__What the exercise asks__. Using only the entries below, copy exactly the lines that begin at the one with "LOT 332 - VINTAGE" and end at the one with "1 JOHANNA DRIVE - 14", both included. Drop the pictures.

__Provided data__.

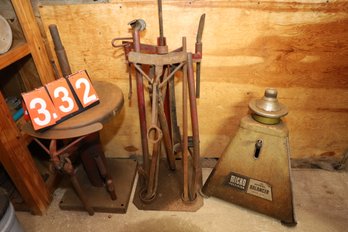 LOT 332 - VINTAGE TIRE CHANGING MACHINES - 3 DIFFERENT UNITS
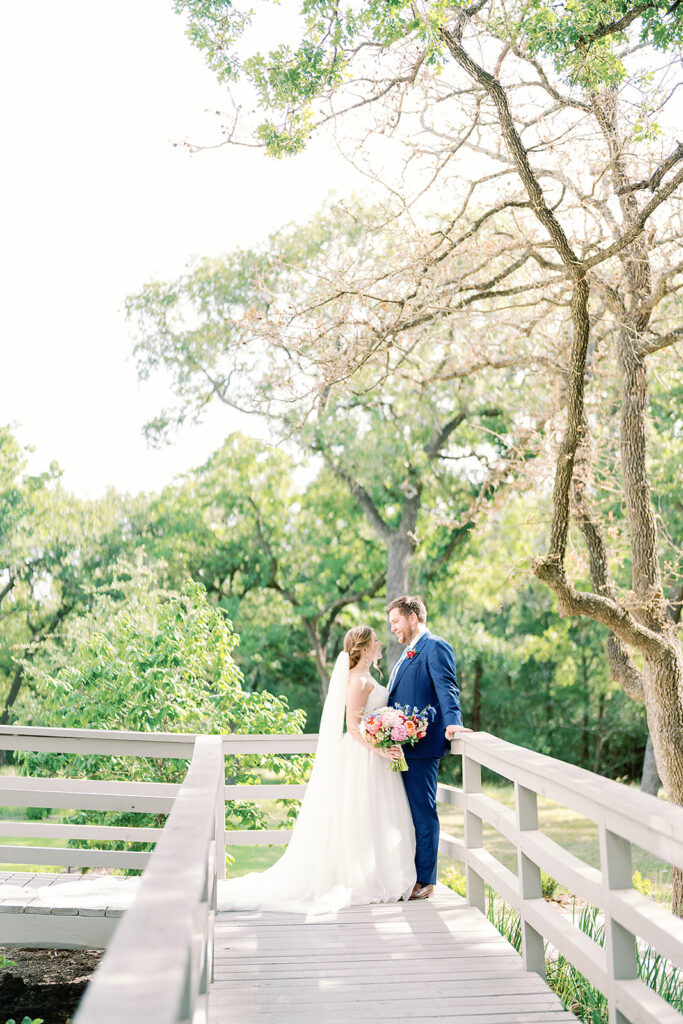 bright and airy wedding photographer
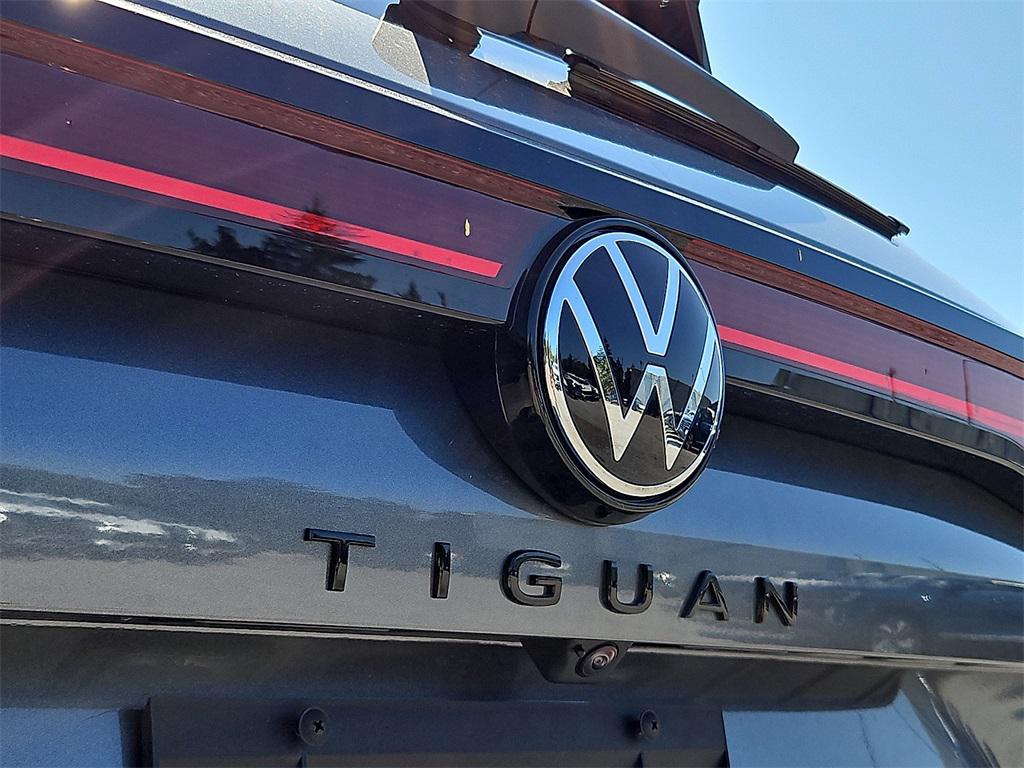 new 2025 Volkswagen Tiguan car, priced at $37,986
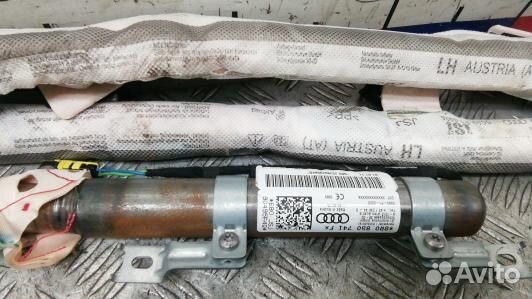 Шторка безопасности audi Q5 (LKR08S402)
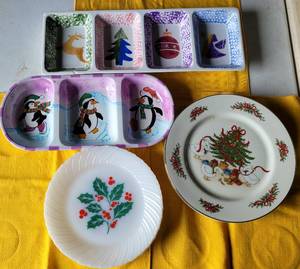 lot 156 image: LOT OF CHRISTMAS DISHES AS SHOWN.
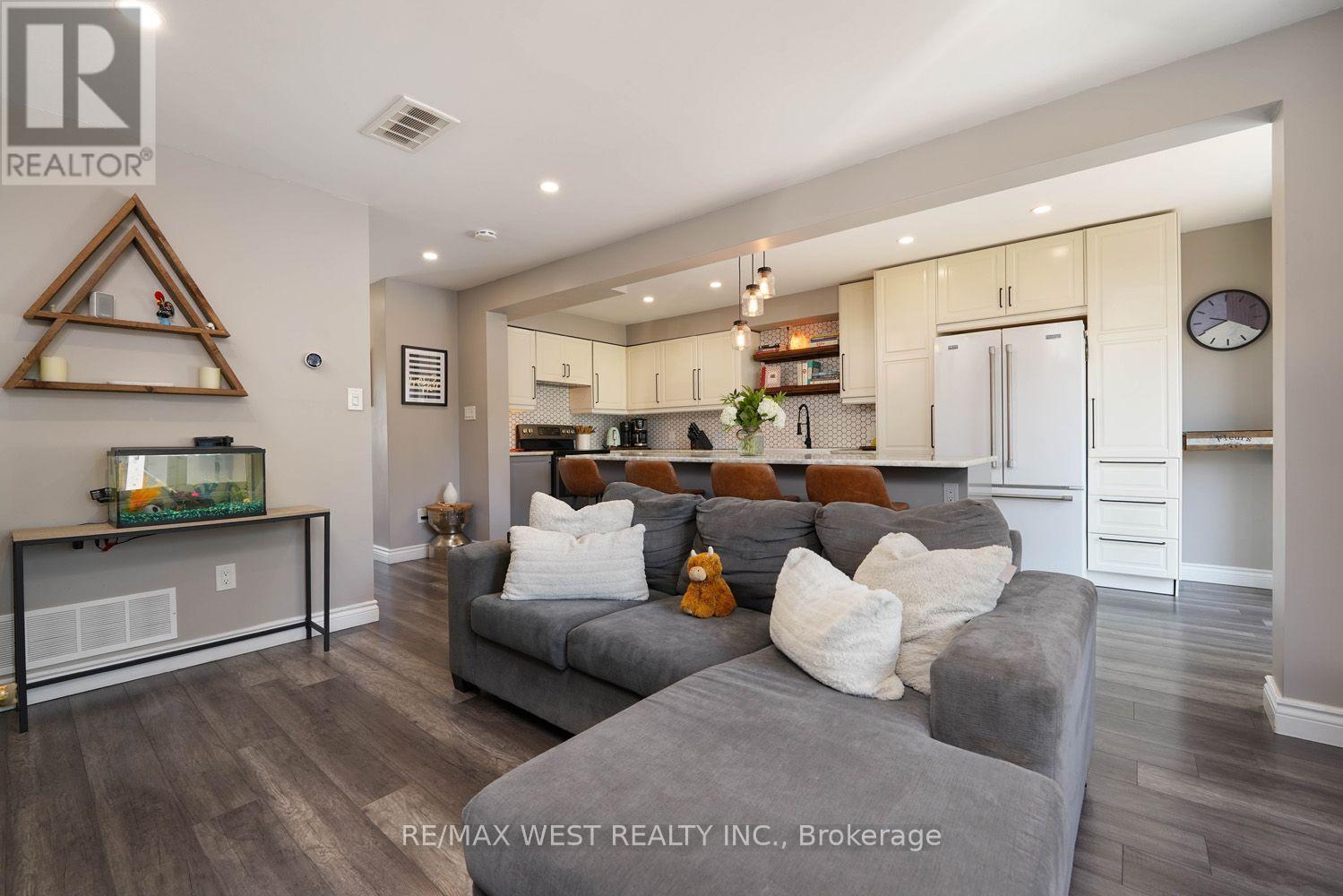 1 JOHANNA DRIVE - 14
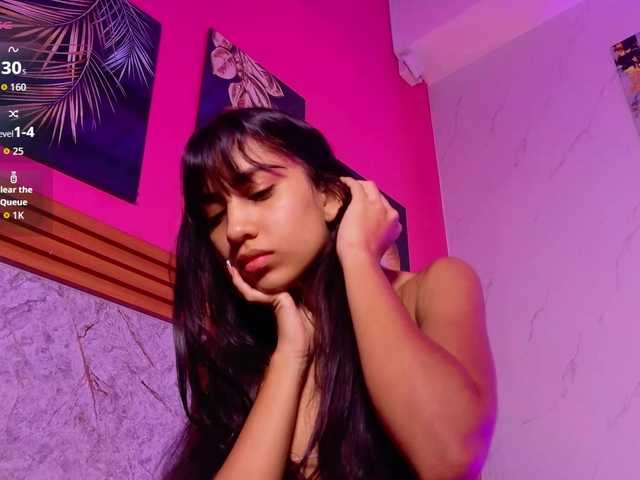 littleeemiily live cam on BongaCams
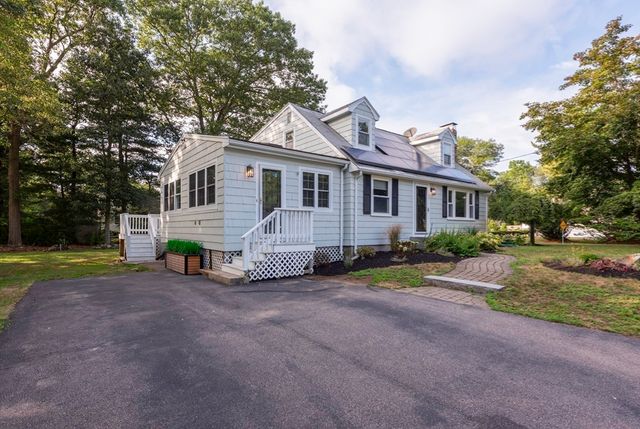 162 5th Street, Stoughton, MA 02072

* * *

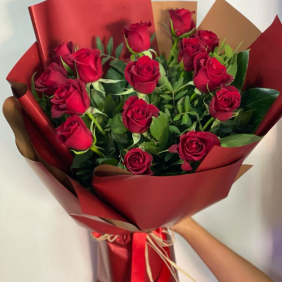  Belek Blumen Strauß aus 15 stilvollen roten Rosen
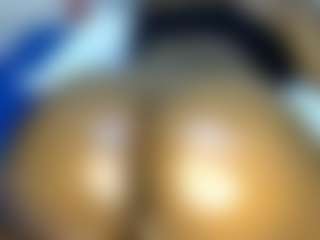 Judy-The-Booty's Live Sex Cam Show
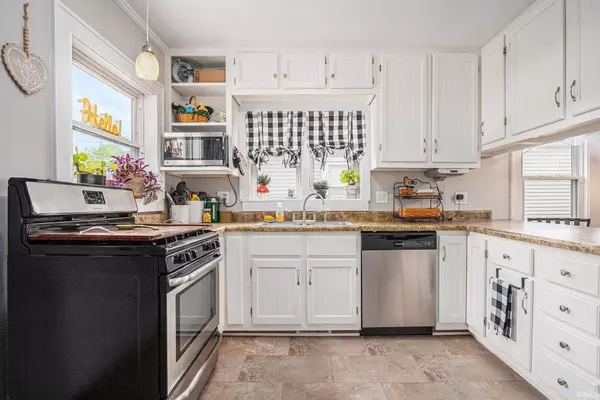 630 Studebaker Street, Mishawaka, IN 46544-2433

__Your solution__.
 LOT 332 - VINTAGE TIRE CHANGING MACHINES - 3 DIFFERENT UNITS
 bright and airy wedding photographer
 new 2025 Volkswagen Tiguan car, priced at $37,986
 Шторка безопасности audi Q5 (LKR08S402)
 lot 156 image: LOT OF CHRISTMAS DISHES AS SHOWN.
 1 JOHANNA DRIVE - 14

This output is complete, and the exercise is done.